遊爺雑記帳

ブログを始めてはや○年。三日坊主にしては長続きしています。平和で美しい日本が滅びることがないことを願ってやみません。

「九段線」に法的根拠なし 仲裁裁判所裁定

2016-07-12 23:58:58 | EEZ 全般
 今日、7月12日は待ち焦がれていた日でした。中国が、力で覇権拡大を強行し、人口島を建設したり、関係諸国との領海争いを強引に侵略して、南シナ海の全域と言ってよい「九段線」を根拠なく主張し、制海空権を設定した行為への、フィリピンが係争する部分への仲裁裁判所裁定が下される日だからです。
 事前に、中国には不利な裁定となるとの情報が報道され、中国は裁判は無効で裁定には従わないと公言していました。
 下された裁定は、遊爺の予想を超える、完璧な中国の主張の全否定です。国連海洋法条約に基づき、フィリピンが仲裁を求めたものですが、広く「九段線」の無効と、人口造成を進めた礁を、「岩」や「低潮高地」との裁定を下し、EEZや領海の設定を認めませんでした。
 

南シナ海、中国の「九段線」に法的根拠なし 初の国際司法判断 :日本経済新聞

 【ブリュッセル=森本学】南シナ海における中国の海洋進出を巡ってフィリピンが提訴した裁判で、オランダ・ハーグの仲裁裁判所は12日、中国が海域のほぼ全体での主権を規定する「九段線」には国際法上の根拠がないと認定した。この海域で人工島造成や軍事化を進める中国の主張に対する国際的な司法判断が出るのは初めてで、原告フィリピンの訴えが認められた。日米や沿岸国などは中国への批判を強めそうだ。

 南沙諸島などで
中国が人工島などを造成している場所についても判断を下した。スカボロー、クアテロン、ファイアリークロスなどの各礁を「島」ではなく「岩」と認定排他的経済水域(EEZ)は設けられないとした。さらにスービ、ミスチーフ、セカンドトーマスなどの各礁は、満潮時に水没する「低潮高地」(岩礁)だとして、EEZだけでなく、領海も設定できない
とした。

 もともと「九段線」の法的根拠はなく、中国は歴史的に自国の管轄権が及んでいた範囲とし、諸説ある様ですが、明の永楽帝の時代、1405年に始まったとされる、鄭和艦隊の大航海による管轄を唱える説までありますね。
 論拠が無く、今日の国際法に基づいて裁定された今回の「九段線」による中国の領土・領海の主張が否定された意義が大きいことは今更申し上げるまでもありません。
 フィリピンと中国との間の係争のみならず、中国が南シナ海で展開する、力による覇権拡大の論拠が否定されたのです。

 ただ、仲裁裁判所の裁定を無視した例は過去にもあるのだそうです。
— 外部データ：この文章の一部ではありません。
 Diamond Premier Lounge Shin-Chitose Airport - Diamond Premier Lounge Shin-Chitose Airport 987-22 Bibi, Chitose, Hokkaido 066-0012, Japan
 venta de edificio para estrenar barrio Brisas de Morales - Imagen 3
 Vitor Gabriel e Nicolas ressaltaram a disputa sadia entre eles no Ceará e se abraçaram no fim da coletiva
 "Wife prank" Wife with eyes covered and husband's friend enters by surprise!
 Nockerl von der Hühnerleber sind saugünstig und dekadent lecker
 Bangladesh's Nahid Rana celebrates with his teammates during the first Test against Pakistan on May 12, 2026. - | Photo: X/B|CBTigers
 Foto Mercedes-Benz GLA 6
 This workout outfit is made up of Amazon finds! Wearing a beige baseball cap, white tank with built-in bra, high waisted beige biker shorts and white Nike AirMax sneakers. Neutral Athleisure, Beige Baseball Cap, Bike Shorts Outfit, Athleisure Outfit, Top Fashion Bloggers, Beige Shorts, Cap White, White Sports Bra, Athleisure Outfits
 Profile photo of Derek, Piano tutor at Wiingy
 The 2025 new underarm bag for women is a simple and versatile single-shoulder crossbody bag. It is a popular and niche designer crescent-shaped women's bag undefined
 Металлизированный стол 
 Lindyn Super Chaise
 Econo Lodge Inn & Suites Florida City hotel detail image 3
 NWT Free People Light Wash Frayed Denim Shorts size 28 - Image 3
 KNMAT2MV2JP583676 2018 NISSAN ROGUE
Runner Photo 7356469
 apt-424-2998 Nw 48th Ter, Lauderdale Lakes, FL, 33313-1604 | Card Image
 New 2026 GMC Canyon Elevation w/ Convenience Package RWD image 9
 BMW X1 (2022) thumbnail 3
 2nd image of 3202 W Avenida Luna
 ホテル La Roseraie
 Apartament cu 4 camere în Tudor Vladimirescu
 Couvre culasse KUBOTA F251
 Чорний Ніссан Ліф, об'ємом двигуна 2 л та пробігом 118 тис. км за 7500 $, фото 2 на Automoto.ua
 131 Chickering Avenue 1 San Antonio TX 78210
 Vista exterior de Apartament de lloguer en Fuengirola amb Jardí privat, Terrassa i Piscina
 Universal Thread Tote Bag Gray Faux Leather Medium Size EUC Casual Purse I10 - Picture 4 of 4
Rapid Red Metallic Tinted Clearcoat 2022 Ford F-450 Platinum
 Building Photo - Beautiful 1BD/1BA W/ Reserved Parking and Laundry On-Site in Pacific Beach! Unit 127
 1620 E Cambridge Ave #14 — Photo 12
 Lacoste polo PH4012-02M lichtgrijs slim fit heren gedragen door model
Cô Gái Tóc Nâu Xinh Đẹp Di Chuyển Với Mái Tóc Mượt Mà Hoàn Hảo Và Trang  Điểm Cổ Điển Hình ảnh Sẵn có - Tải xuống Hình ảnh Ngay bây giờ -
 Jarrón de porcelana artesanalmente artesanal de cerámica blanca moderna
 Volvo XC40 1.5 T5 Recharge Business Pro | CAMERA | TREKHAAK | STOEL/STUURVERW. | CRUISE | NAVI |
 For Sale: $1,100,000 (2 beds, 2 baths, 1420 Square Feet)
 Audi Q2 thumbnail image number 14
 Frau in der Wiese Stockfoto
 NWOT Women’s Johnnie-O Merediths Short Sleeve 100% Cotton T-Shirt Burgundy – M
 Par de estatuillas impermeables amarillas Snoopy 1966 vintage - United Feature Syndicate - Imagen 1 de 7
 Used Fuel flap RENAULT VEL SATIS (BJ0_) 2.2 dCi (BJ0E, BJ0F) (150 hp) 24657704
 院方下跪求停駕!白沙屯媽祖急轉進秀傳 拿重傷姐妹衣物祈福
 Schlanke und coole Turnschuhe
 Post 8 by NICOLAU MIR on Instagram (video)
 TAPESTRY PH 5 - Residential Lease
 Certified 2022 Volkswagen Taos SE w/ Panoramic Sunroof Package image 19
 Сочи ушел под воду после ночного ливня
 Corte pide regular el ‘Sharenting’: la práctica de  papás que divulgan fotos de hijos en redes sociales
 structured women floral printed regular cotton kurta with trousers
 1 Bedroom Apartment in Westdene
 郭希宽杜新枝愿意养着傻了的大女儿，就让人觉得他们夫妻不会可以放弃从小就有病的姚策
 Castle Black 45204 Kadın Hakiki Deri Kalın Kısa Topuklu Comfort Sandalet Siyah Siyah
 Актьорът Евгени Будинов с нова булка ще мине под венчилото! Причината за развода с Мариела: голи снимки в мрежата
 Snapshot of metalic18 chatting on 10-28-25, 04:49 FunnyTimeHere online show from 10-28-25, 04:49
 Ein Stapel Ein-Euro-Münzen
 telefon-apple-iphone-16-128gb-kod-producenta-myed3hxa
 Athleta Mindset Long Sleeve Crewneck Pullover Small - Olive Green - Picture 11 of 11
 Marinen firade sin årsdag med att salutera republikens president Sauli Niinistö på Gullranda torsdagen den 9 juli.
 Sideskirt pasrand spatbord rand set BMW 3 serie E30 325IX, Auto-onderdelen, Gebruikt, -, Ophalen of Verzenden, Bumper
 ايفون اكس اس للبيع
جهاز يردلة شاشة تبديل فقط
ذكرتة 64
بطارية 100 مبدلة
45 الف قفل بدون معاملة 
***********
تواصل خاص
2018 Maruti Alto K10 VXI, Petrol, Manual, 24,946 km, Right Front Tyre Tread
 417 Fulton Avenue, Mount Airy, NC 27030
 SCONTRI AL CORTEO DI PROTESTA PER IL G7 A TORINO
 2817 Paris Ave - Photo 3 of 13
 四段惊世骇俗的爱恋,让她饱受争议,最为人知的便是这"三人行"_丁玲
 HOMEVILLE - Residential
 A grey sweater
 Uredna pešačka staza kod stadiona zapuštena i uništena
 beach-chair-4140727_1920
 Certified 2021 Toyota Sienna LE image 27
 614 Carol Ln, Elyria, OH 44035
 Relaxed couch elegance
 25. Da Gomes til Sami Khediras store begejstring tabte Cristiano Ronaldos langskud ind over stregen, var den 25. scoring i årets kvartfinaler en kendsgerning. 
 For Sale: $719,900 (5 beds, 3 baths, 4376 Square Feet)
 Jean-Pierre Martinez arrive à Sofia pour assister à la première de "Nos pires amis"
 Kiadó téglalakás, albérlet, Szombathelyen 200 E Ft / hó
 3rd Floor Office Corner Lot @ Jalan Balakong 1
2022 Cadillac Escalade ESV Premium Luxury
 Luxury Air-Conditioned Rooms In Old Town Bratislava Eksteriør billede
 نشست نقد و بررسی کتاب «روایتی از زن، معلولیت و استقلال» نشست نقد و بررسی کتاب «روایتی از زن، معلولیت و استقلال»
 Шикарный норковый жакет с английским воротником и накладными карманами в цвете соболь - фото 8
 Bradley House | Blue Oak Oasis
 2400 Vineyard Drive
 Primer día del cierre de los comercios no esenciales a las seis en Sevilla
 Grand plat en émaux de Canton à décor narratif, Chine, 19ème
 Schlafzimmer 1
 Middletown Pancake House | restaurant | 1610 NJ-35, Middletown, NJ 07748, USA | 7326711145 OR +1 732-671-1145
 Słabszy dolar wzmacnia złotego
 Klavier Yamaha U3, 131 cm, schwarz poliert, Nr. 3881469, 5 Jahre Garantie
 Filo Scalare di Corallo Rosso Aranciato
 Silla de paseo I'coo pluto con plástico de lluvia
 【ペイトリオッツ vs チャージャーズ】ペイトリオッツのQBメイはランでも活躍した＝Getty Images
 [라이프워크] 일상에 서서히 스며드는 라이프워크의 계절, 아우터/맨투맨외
但し、米国当局は、今回の件をニカラグアの係争と比較するのは適当でないと主張しているのだそうです。
 
中国、仲裁判決無視なら前例は「米国」 - WSJ

 いずれにしても、ハーグでの仲裁裁判所の裁定は、欧州他広く世界に知られることとなり、南シナ海での中国の暴挙が、違法であり中国が国際法を無視するならずもの国家であることが認知されることになります。
 今後の、展開(特に、媚中の欧州諸国の反応)について、注目されますね。